A couple weeks ago on a Friday afternoon, a file landed in my email. Big one. It was the copyedited manuscript for THE IMPOSSIBLE CUBE, the sequel to THE DOOMSDAY VAULT (which is now on sale and has mad scientists and zombies in it). Could I go through the manuscript and pop it back within ten days?

Whoa.

A number of writing blogs have already commented on the speed of writing these days, how just a few years ago, I would have received a big pile of paper in the mail with red marks all over it, and after I went though it, I would have had to make a trip to the post office. Now I read and upload a file, yada yada yada.

I just want to add that it feels wrong.  For steampunk, I mean.

See, I think part of steampunk's appeal is the way it slows us down. Steampunk puts us in a world before telephones and jet planes. When communicating with someone on the other side of town meant dashing off a postcard. When newspapers lived by the telegraph wire. When international travelers went by train or ship or even dirigible, and going around the world took eighty days instead of eighty hours. When a new advancement in processing speed meant the Royal Mail had worked out a more efficient sorting system. Our world goes so fast, it's nice to take a break in a place in which everything goes a little slower.

As a result, it feels like all steampunk should be written at a rolltop desk on a big, clunky typewriter with a sticky H and a crooked M while a Victrola plays scratchy music in the background.  Manuscripts should be bundled into boxes tied with brown string.  Letters to one's editor should be scribbled with a fountain pen and dropped into the afternoon post.

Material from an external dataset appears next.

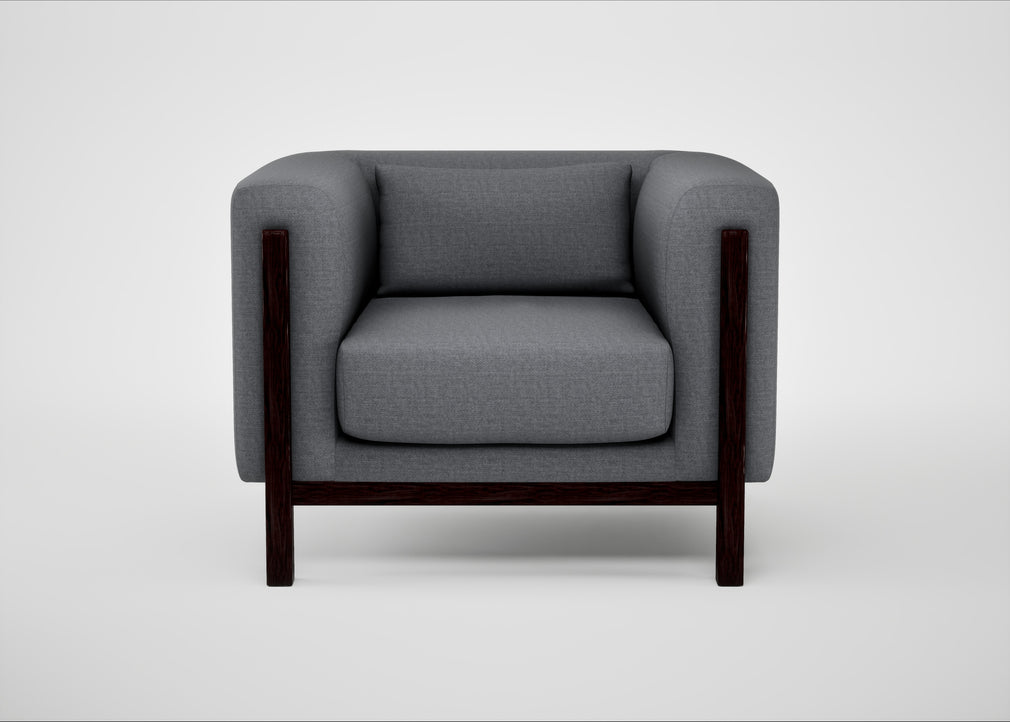Massimo Armchair Siena Cotton Shale Grey / Black Ash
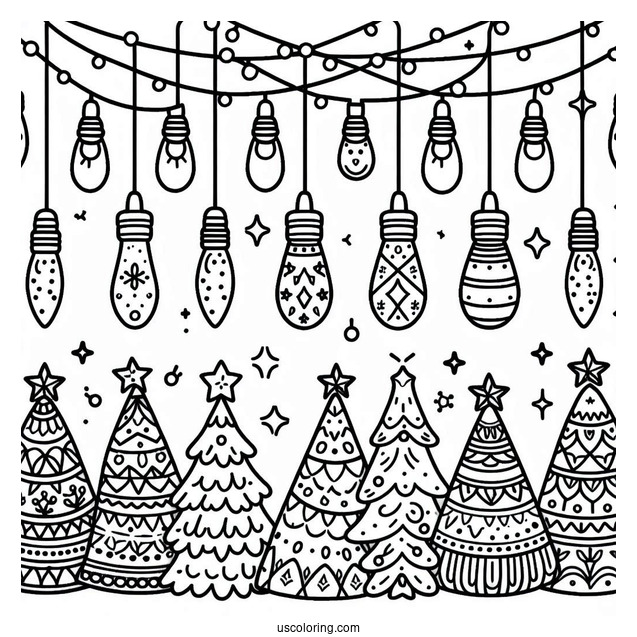 Full Page Of Festive Christmas Lights To Color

And yet, I flip words into a 2-terrabyte computer with dual-core processor hooked up to the Internet via high-speed DSL cable modem while four speakers croon a mix by Danny Elfman, and I toss letters to my editor into the aether of the Internet  It makes me feel out of sorts and wrong.

Not wrong enough to make write the long way, mind. Anachronism does have its limits.

But I'm a writer with a good imagination. So when I write steampunk, in my head my computer becomes a typewriter and my contact lenses become spectacles. My sweatshirt becomes a tweed jacket and my study with central heat becomes a drafty garret. My dog and my pot of tea become . . .

Well. I suppose not everything has to change.


Steven Harper usually lives at http://www.theclockworkempire.com . His steampunk novel THE DOOMSDAY VAULT, first in the Clockwork Empire series, hits the stores in print and electronic format November 1.




1 comment:

  1. ... certainly not the tea! Steampunk would not exist without the Victorian penchant for tea!

    I wonder though ... not even technology as varied as that depicted in classic steampunk could remain static. What would the state of the technology in that alternate universe be like by, say the year 2011?